Without including the pictures, copy out every line below.

## Supplied material:
──────────

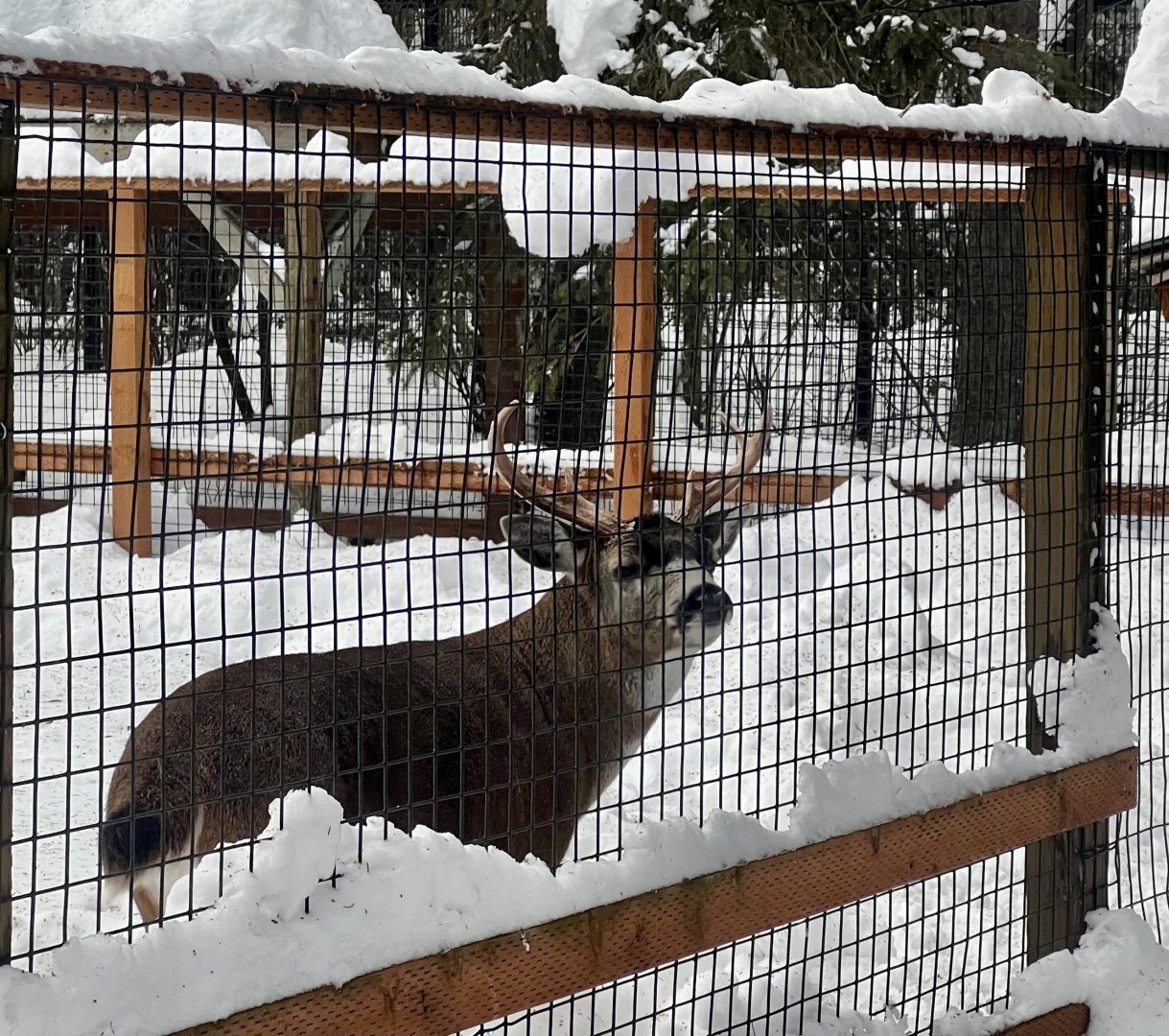 Sitka Blacktail Deer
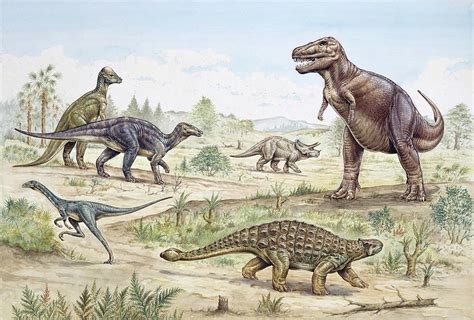 Upper cretaceous. Things To Know About Upper cretaceous. 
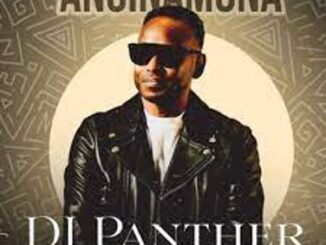 DJ Panther – Anginamona ft MaWhoo Mp3 Download Fakaza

──────────

## Result of the task:
 Sitka Blacktail Deer
 Upper cretaceous. Things To Know About Upper cretaceous. 
 DJ Panther – Anginamona ft MaWhoo Mp3 Download Fakaza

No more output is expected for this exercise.